Demerits of Contiguous List / array
• The size of the array is fixed. Most often this size is specified at compile time. This makes the programmers to allocate arrays, which seems "large enough" than required.
• Inserting new elements at the front is potentially expensive because existing elements need to be shifted over to make room.
• Deleting an element from an array is not possible. Linked lists have their own strengths and weaknesses, but they happen to be strong where arrays are weak.
• Generally array's allocates the memory for all its elements in one block whereas linked lists use an entirely different strategy. Linked lists allocate memory for each element separately and only when necessary.
Merits of Linked List
1. Linked lists are dynamic data structures. i.e., they can grow or shrink during the execution of a program.
2. Linked lists have efficient memory utilization. Here, memory is not preallocated. Memory is allocated whenever it is required and it is de-allocated (removed) when it is no longer needed.
3. Insertion and Deletions are easier and efficient. Linked lists provide flexibility in inserting a data item at a specified position and deletion of the data item from the given position.
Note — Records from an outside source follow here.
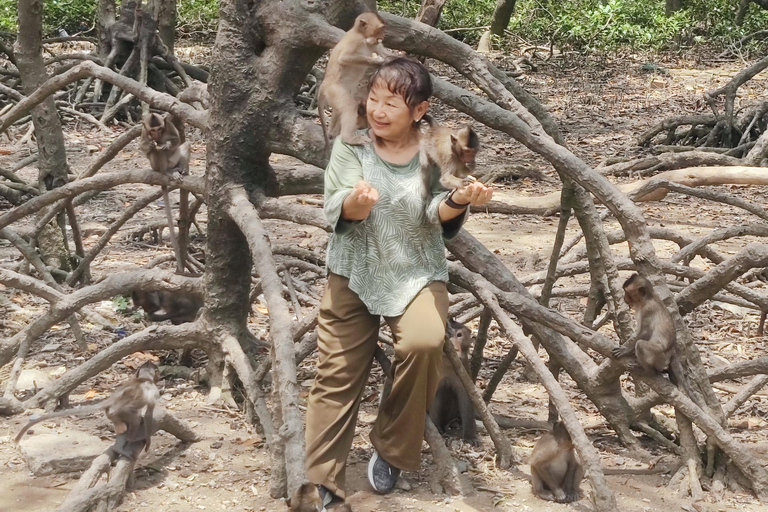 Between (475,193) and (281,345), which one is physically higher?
(475,193)

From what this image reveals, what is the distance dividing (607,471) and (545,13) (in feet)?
53.1

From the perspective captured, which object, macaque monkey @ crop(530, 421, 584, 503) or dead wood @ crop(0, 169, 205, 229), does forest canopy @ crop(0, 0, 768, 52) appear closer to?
dead wood @ crop(0, 169, 205, 229)

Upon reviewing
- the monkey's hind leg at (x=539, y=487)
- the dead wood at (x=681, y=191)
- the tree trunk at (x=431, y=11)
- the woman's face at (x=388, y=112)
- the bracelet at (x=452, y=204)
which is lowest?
the monkey's hind leg at (x=539, y=487)

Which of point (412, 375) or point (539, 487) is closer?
point (412, 375)

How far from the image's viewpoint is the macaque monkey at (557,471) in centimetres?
376

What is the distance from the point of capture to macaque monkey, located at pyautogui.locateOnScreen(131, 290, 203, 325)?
18.4 feet

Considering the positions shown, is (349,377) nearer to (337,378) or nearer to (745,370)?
(337,378)

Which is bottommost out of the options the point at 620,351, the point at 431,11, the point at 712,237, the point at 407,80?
the point at 620,351

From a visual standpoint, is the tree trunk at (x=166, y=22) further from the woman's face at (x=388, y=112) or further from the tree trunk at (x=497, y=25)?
the woman's face at (x=388, y=112)

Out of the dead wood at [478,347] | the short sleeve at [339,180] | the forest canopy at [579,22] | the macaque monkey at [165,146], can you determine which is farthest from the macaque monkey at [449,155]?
the forest canopy at [579,22]

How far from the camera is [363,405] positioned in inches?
186

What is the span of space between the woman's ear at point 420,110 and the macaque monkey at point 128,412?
5.09ft

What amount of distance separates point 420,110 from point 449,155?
23 cm

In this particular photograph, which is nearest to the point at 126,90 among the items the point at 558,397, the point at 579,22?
the point at 558,397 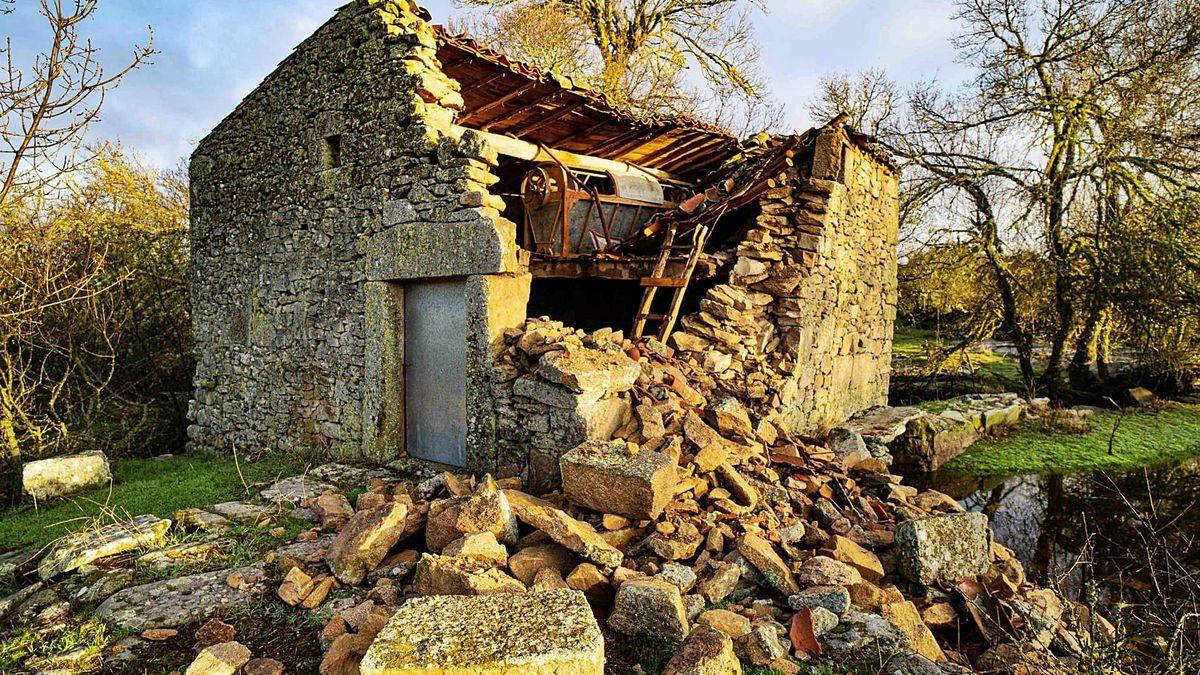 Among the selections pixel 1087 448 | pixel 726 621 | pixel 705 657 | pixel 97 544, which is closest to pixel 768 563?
pixel 726 621

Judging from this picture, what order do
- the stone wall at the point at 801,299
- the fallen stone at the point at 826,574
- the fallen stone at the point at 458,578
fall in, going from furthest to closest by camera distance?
the stone wall at the point at 801,299 < the fallen stone at the point at 826,574 < the fallen stone at the point at 458,578

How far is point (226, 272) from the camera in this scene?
8.73m

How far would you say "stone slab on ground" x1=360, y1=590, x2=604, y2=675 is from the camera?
8.33 feet

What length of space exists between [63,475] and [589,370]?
5925 millimetres

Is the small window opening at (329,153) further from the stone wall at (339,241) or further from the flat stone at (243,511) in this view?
the flat stone at (243,511)

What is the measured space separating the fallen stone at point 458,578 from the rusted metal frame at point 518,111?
17.0 feet

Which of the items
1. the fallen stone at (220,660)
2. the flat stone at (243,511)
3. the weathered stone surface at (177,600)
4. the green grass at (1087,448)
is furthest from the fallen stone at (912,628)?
the green grass at (1087,448)

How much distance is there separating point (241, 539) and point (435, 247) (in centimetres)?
293

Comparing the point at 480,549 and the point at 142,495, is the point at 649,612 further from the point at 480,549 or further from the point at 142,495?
the point at 142,495

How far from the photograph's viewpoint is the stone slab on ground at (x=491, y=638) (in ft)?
8.33

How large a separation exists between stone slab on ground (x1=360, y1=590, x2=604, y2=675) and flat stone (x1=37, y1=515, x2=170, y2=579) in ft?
9.59

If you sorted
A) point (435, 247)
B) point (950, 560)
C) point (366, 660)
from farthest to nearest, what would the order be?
1. point (435, 247)
2. point (950, 560)
3. point (366, 660)

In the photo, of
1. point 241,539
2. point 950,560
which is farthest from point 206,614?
point 950,560

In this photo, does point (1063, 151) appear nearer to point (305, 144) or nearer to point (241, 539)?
point (305, 144)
4. Many complex applications can be easily carried out with linked lists.
5. There is no need to define an initial size for a Linked list.
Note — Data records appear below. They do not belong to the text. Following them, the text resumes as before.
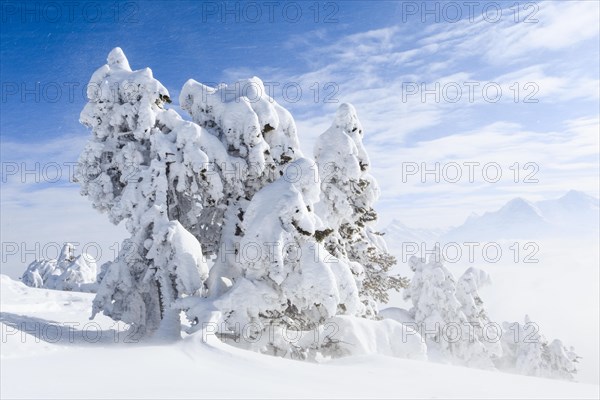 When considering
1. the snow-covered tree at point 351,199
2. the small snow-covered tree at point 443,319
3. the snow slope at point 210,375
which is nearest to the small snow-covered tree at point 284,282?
the snow slope at point 210,375

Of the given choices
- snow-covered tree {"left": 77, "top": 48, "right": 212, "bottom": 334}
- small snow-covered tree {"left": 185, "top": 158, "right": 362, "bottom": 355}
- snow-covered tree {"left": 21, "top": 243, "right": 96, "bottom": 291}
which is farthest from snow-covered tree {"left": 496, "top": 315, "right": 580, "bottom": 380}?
snow-covered tree {"left": 21, "top": 243, "right": 96, "bottom": 291}

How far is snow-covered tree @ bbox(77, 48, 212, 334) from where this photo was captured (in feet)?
42.7

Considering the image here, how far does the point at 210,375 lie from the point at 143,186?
27.0ft

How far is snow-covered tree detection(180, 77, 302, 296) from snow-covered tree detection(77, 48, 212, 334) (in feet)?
2.06

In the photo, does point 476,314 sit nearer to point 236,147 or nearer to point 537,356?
point 537,356

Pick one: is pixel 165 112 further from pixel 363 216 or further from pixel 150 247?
pixel 363 216

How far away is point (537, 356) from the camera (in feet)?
102

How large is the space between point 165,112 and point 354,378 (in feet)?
37.4

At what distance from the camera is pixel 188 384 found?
709 cm

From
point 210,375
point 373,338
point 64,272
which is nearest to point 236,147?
point 373,338

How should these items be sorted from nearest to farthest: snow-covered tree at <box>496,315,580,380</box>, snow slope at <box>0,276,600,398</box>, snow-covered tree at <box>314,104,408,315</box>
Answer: snow slope at <box>0,276,600,398</box> < snow-covered tree at <box>314,104,408,315</box> < snow-covered tree at <box>496,315,580,380</box>

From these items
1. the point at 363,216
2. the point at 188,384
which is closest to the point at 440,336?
the point at 363,216

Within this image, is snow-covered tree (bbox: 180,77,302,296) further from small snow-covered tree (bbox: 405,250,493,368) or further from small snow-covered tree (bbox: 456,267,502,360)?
small snow-covered tree (bbox: 456,267,502,360)

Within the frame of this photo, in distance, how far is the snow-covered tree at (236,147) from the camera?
14.6 meters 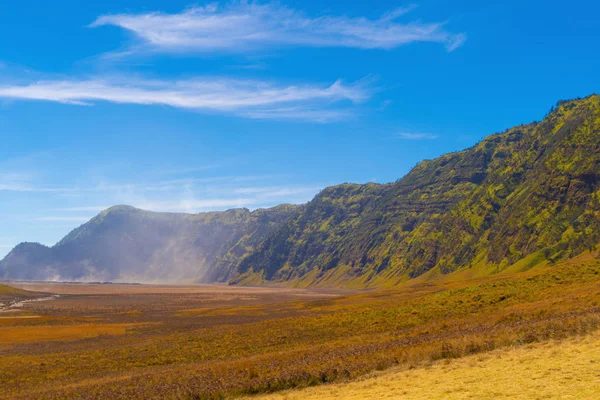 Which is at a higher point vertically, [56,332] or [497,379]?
[497,379]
6. Linked List reduces the access time.
Demerits of Linked List
1. They use more memory than arrays because of the storage used by their pointers.
2. Difficulties arise in linked lists when it comes to reverse traversing. For instance, singly linked lists are cumbersome to navigate backwards and while doubly linked lists are somewhat easier to read, memory is wasted in allocating space for a back-pointer.
3. Nodes in a linked list must be read in order from the beginning as linked lists are inherently sequential access.
4. Nodes are stored in-contiguously, greatly increasing the time required to access individual elements within the list, especially with a CPU cache.
13. What is priority queue? How it is best implemented?
A
priority queue is a collection of elements such that each element has been assigned
a priority and the order in which elements are deleted and processed comes from
the following rules:.
- An element of higher priority is
processed before any element of lower priority.
- If two elements has same priority then they are processed according to the order in which they were added to the queue.
There are two types of priority
queues they are as follows...
- Max Priority Queue
- Min Priority Queue
1. Max Priority Queue: In max priority queue, elements are inserted in the order in which they arrive the queue and always maximum value is removed first from the queue. For example assume that we insert in order 8, 3, 2, 5 and they are removed in the order 8, 5, 3, 2.
2. Min Priority Queue: Min Priority Queue is similar to max priority queue except removing maximum element first, we remove minimum element first in min priority queue.
Priority Queues can be implemented using common data structures like arrays, linked-lists, heaps and binary trees.